BEGIN Entries shown

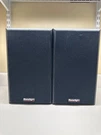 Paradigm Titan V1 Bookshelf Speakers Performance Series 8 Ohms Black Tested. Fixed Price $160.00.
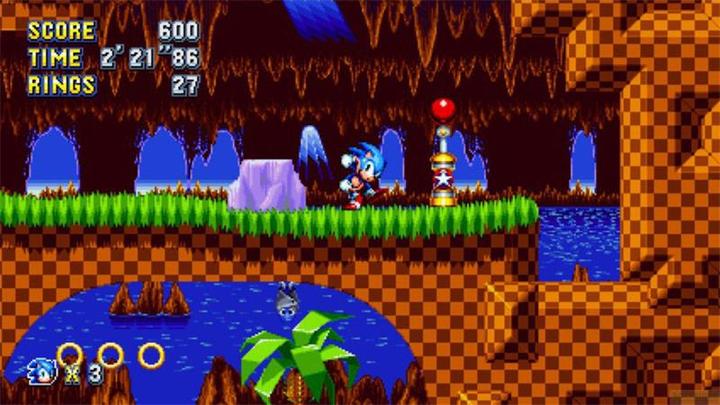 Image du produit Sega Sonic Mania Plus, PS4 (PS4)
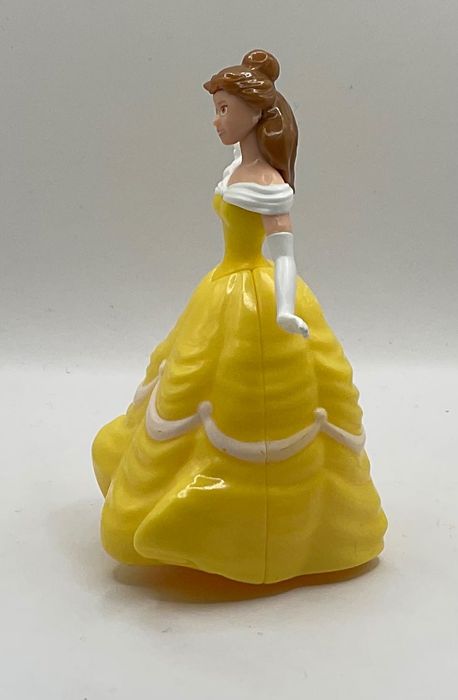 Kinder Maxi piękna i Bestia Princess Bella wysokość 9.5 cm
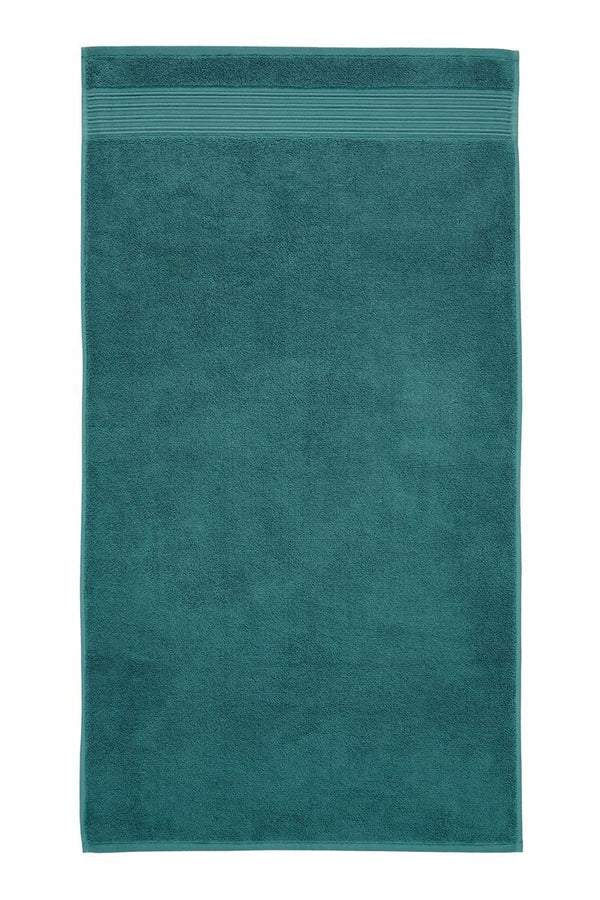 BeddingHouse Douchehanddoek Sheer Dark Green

END Entries shown
BEGIN Entries shown

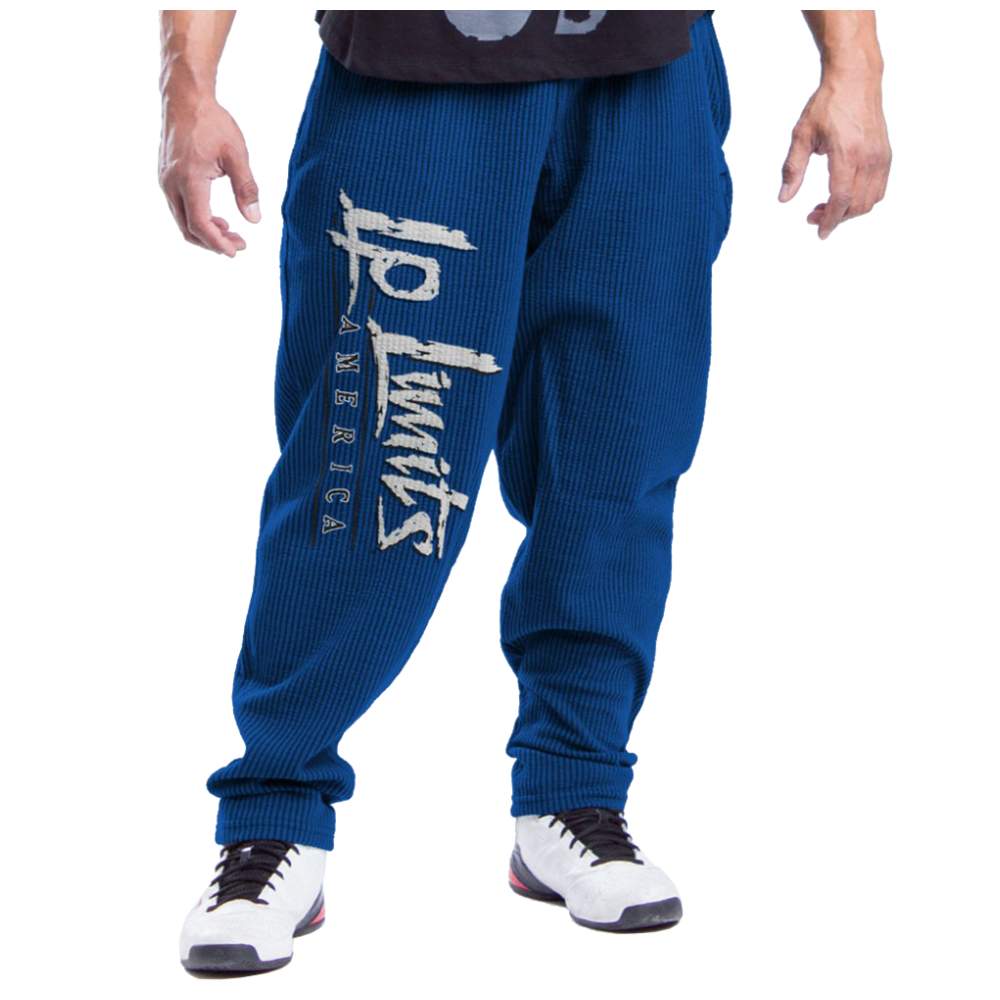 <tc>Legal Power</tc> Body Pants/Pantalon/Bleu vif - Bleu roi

END Entries shown
BEGIN Entries shown

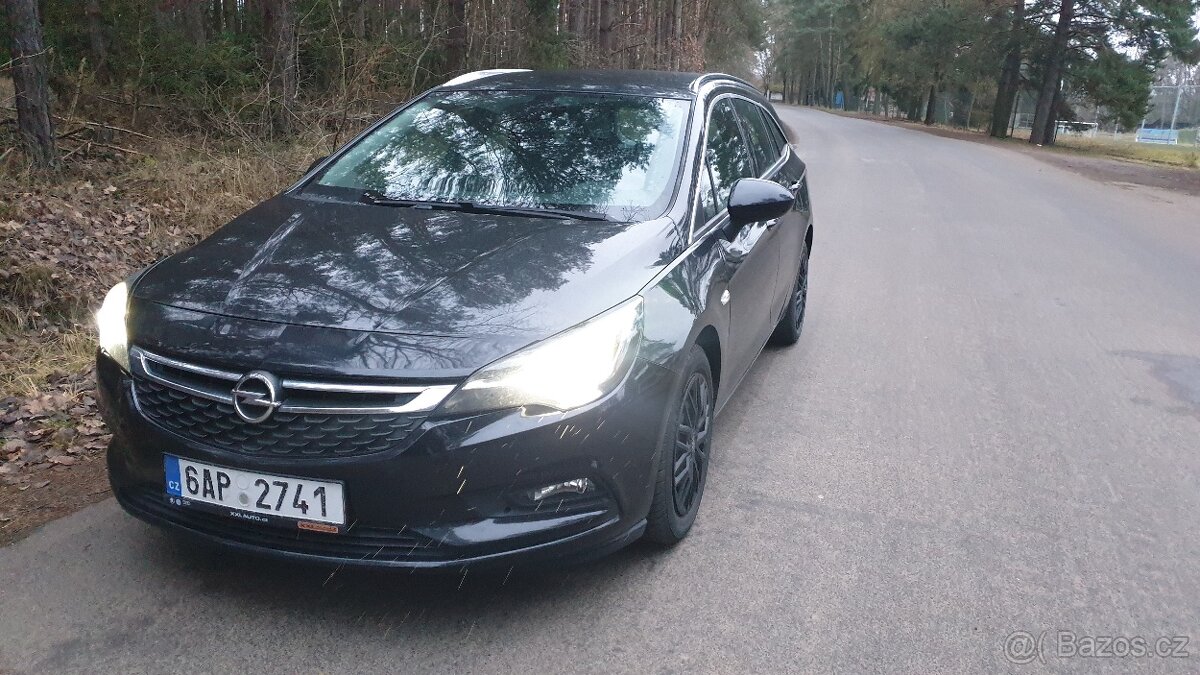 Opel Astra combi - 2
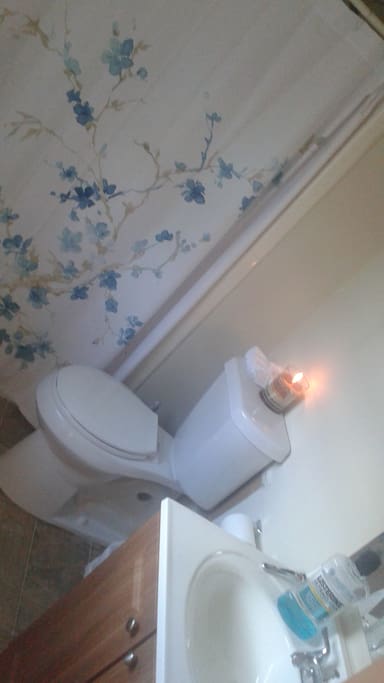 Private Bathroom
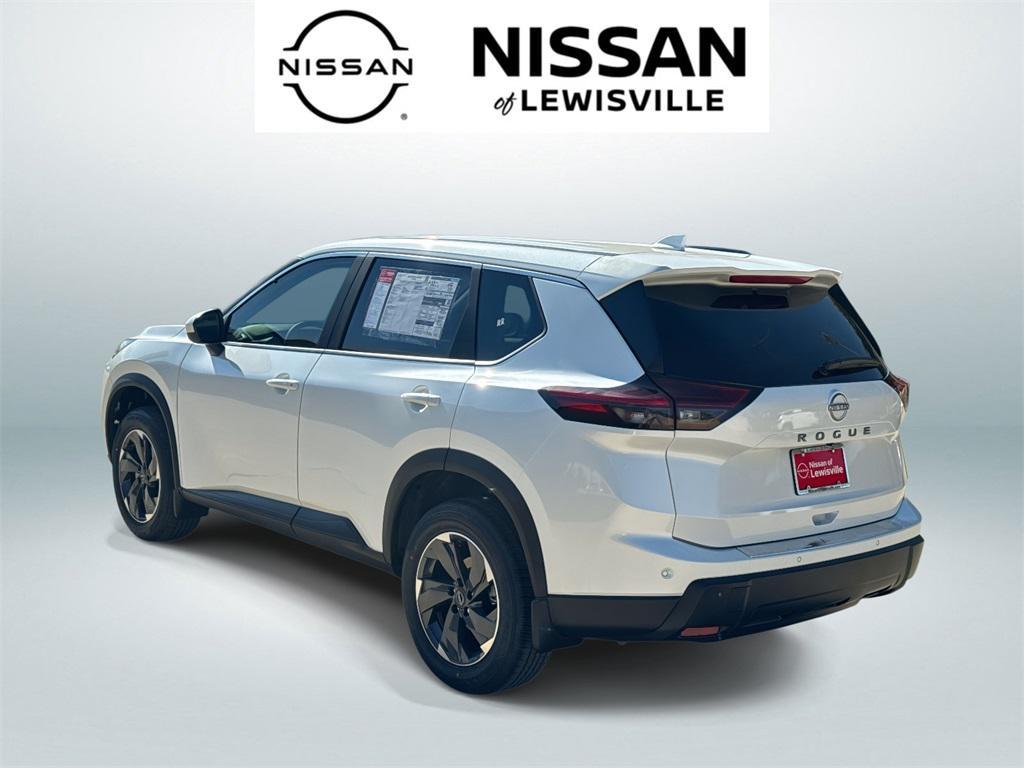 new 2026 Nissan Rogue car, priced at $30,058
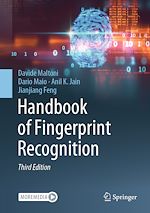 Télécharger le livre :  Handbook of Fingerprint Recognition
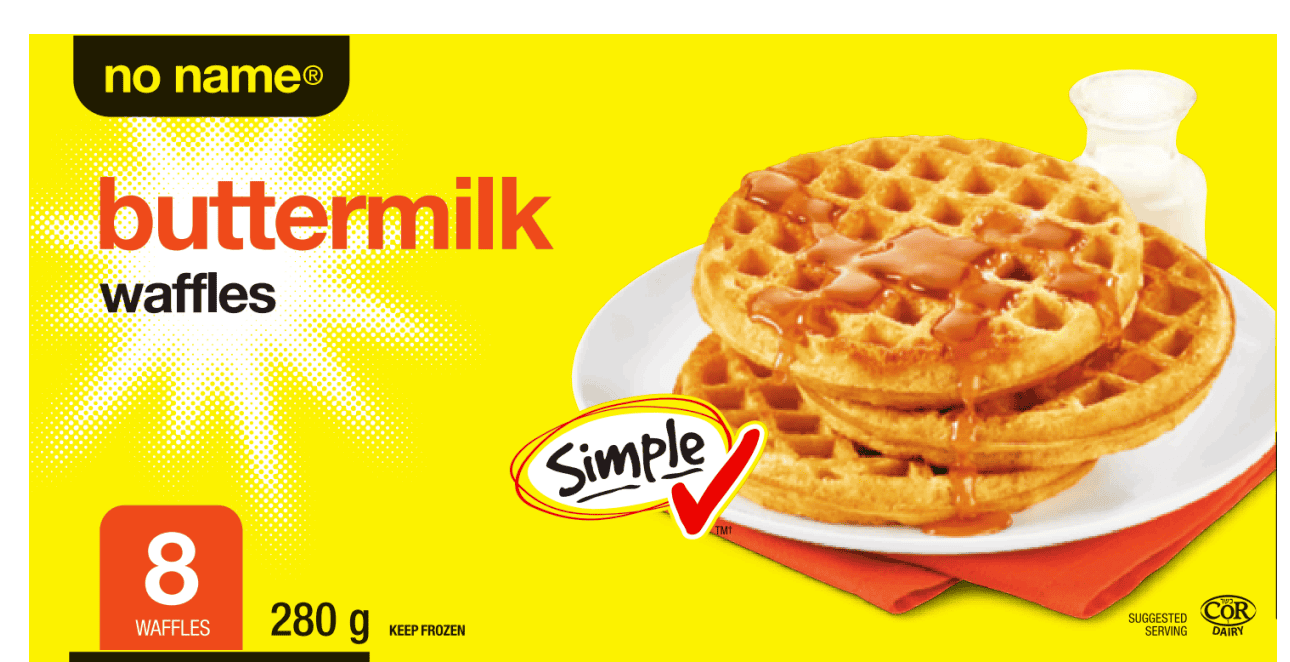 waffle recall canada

END Entries shown

Problem description »
Both the line containing "Image du produit" and the line containing "BeddingHouse Douchehanddoek Sheer Dark Green" above belong in the output, as do the lines between them. Print them exactly, without pictures.

Solved problem »
 Image du produit Sega Sonic Mania Plus, PS4 (PS4)
 Kinder Maxi piękna i Bestia Princess Bella wysokość 9.5 cm
 BeddingHouse Douchehanddoek Sheer Dark Green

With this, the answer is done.